The task
Please set down only the lines running from the one with "this 369×200 image." through the last line of the entries, exactly as written and without any pictures.

Image-backed grounding data:
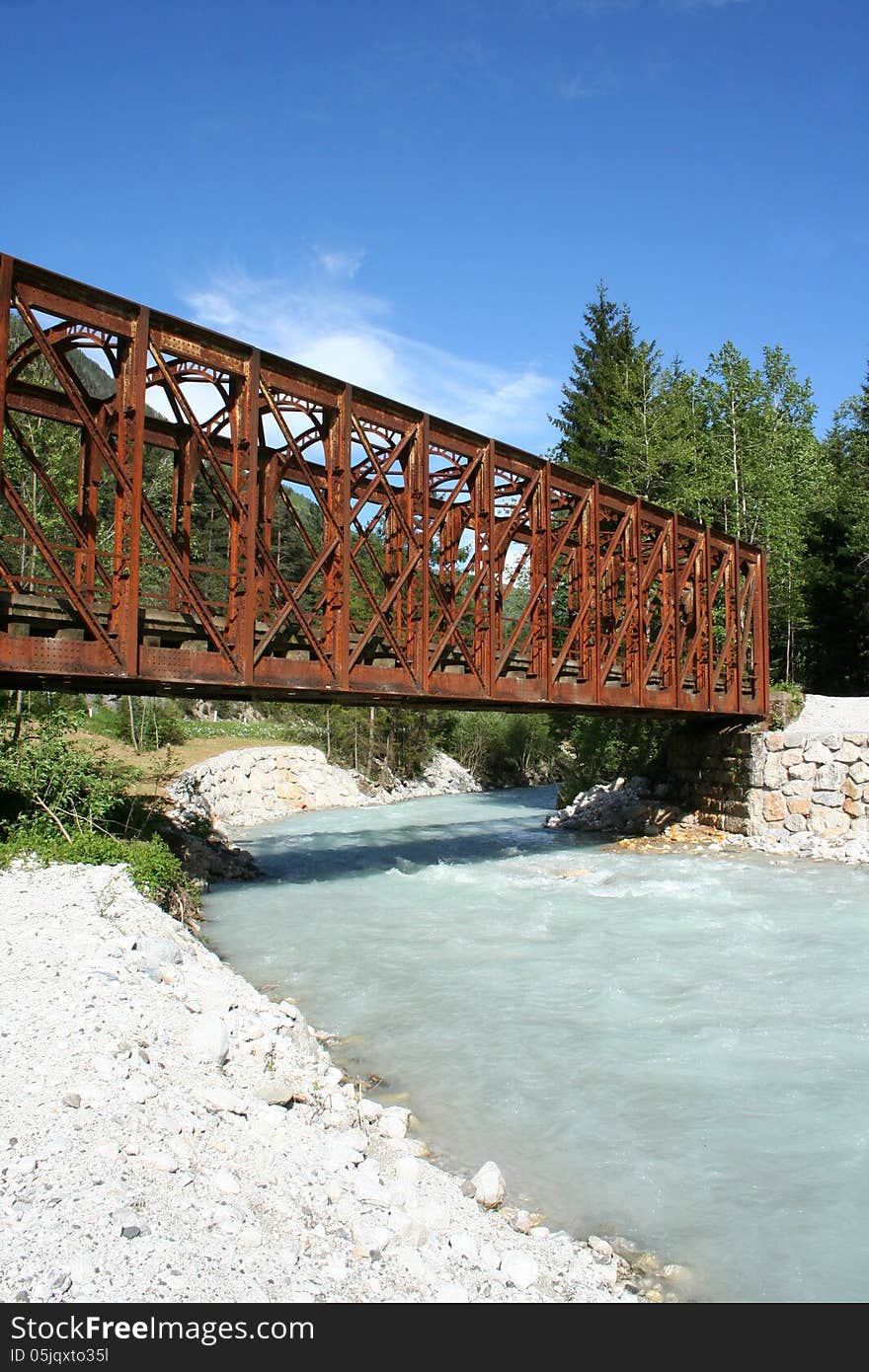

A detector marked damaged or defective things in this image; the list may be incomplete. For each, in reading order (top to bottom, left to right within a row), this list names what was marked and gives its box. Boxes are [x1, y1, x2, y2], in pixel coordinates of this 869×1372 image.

rusty metal bridge [0, 253, 766, 719]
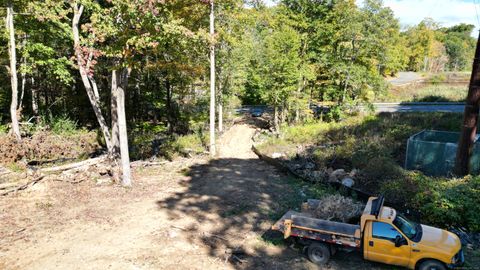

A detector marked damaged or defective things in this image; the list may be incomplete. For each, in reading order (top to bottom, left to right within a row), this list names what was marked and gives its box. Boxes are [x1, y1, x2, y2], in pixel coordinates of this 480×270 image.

rusty dump bed [274, 211, 360, 249]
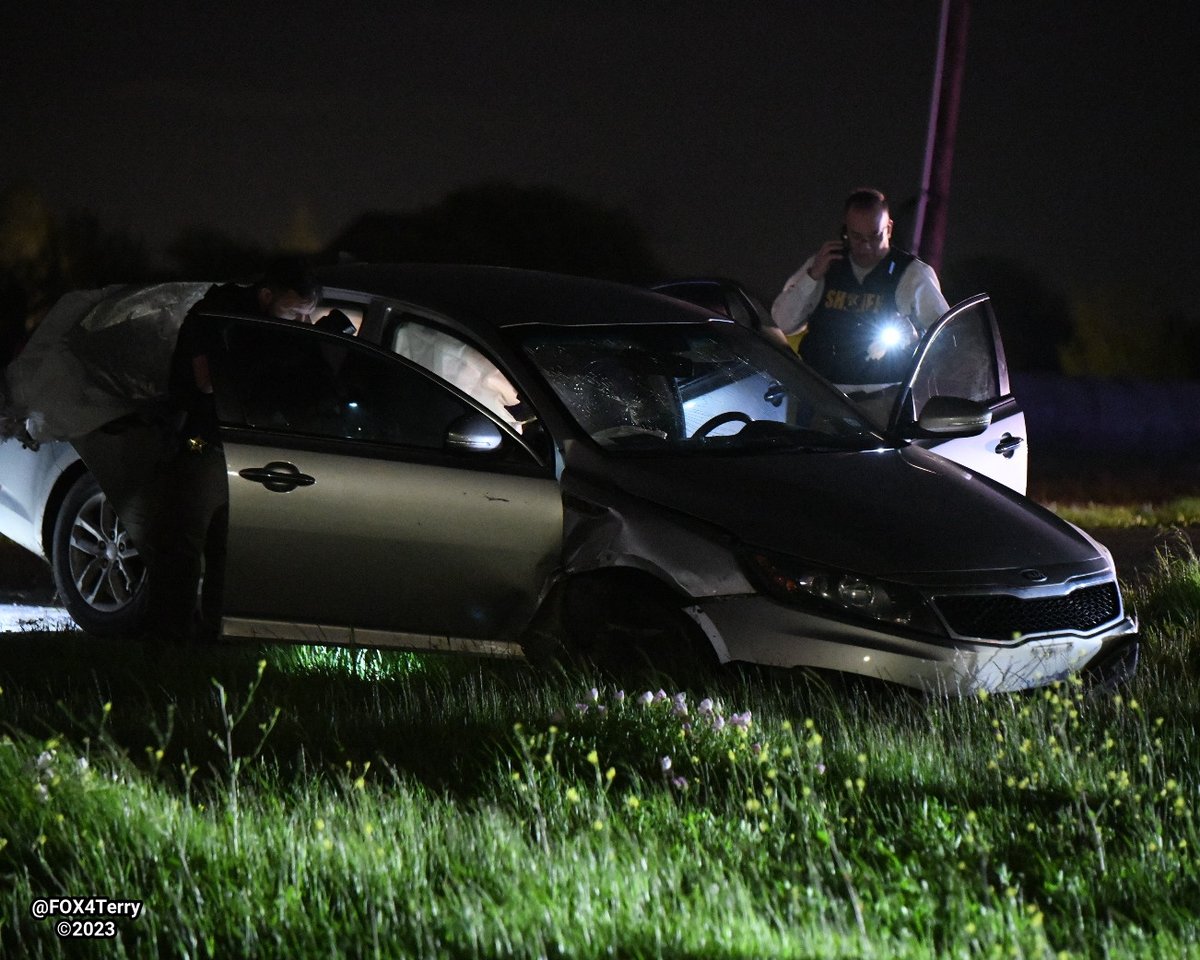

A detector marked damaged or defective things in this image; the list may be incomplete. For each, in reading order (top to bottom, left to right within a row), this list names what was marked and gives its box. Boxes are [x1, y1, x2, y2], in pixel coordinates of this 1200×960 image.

damaged silver sedan [0, 266, 1137, 696]
cracked windshield [520, 324, 888, 456]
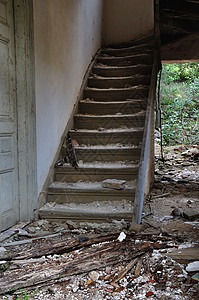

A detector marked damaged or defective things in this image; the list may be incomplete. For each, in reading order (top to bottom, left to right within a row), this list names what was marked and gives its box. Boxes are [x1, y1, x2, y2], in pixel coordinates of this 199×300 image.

peeling paint wall [33, 0, 102, 195]
peeling paint wall [102, 0, 154, 45]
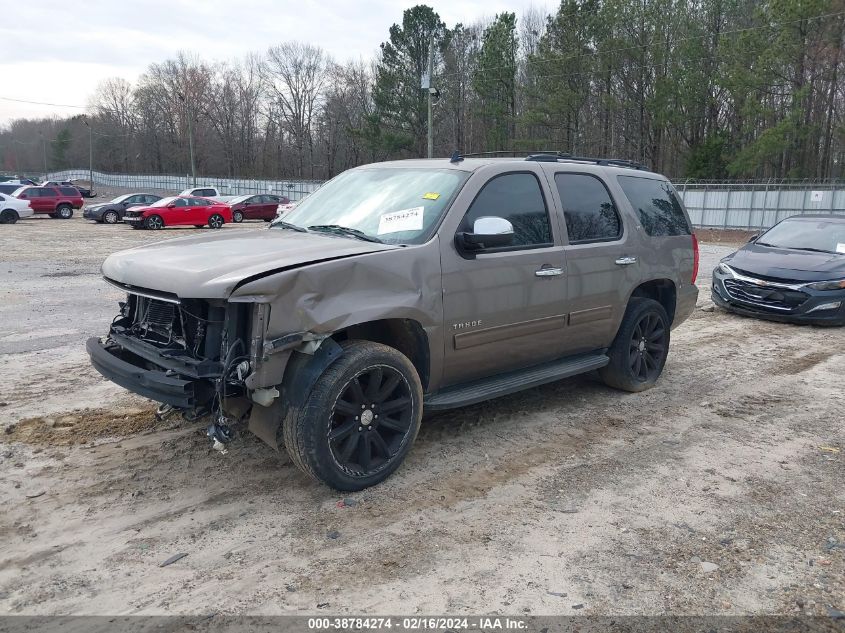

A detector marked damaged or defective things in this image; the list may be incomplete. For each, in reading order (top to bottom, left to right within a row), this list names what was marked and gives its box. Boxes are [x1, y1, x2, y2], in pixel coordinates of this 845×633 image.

damaged suv [87, 153, 700, 488]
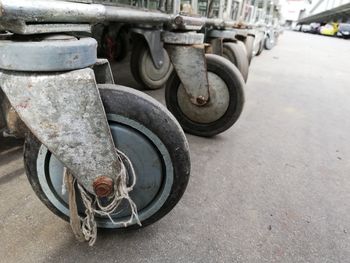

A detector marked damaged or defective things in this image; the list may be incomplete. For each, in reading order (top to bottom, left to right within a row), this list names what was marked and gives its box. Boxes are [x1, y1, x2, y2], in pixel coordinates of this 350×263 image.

rusty caster wheel [130, 39, 174, 91]
rusty caster wheel [165, 55, 245, 139]
rusty caster wheel [23, 85, 191, 230]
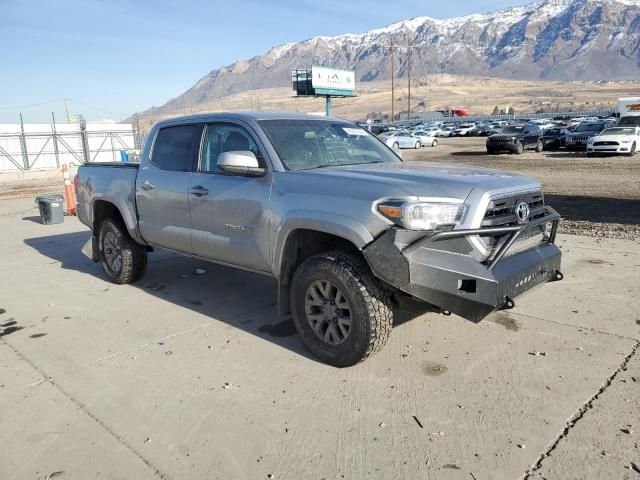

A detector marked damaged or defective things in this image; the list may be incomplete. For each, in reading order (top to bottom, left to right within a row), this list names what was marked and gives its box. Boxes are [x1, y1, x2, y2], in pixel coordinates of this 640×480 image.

crack in concrete [1, 336, 171, 478]
crack in concrete [524, 340, 636, 478]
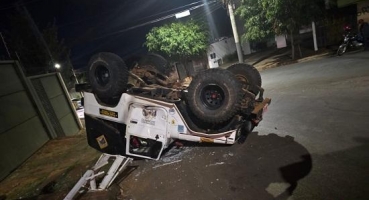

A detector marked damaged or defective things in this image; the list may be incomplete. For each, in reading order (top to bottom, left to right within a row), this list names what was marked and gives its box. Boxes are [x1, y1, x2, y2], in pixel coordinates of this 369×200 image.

overturned jeep [77, 52, 268, 160]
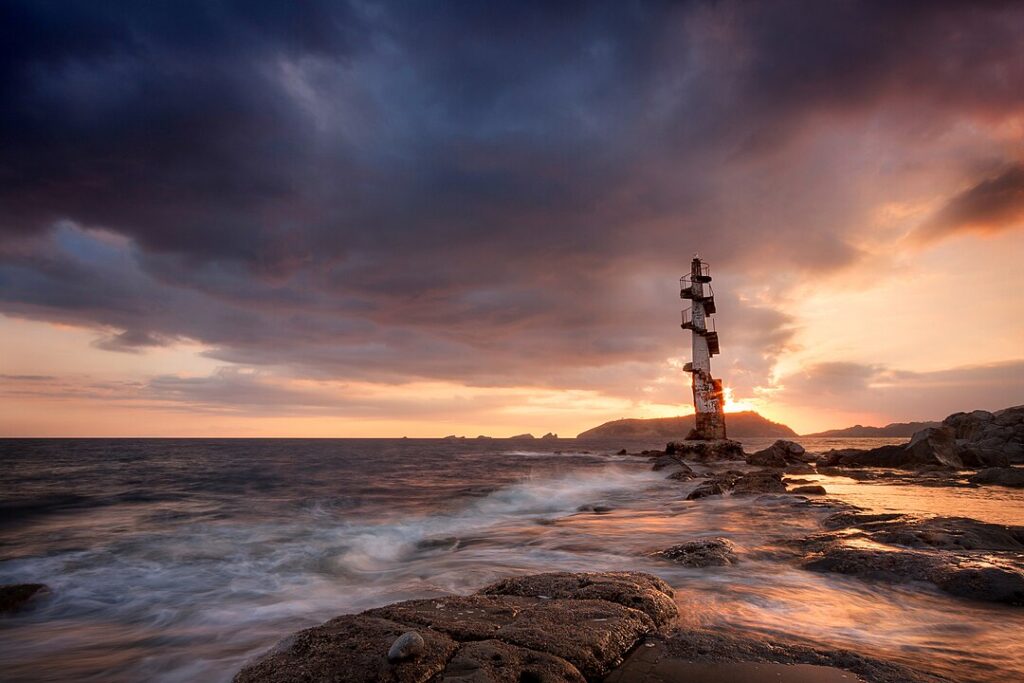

Result
A detector marked damaged or defective things in this image; the list may be incomplete. For each, in reading order (top to bottom, left to right within a row), this list names what was marked and gives its box. Boxes are [x1, y1, x2, y2], in pixel coordinates of this 369×200 image.

overturned jeep [77, 52, 268, 160]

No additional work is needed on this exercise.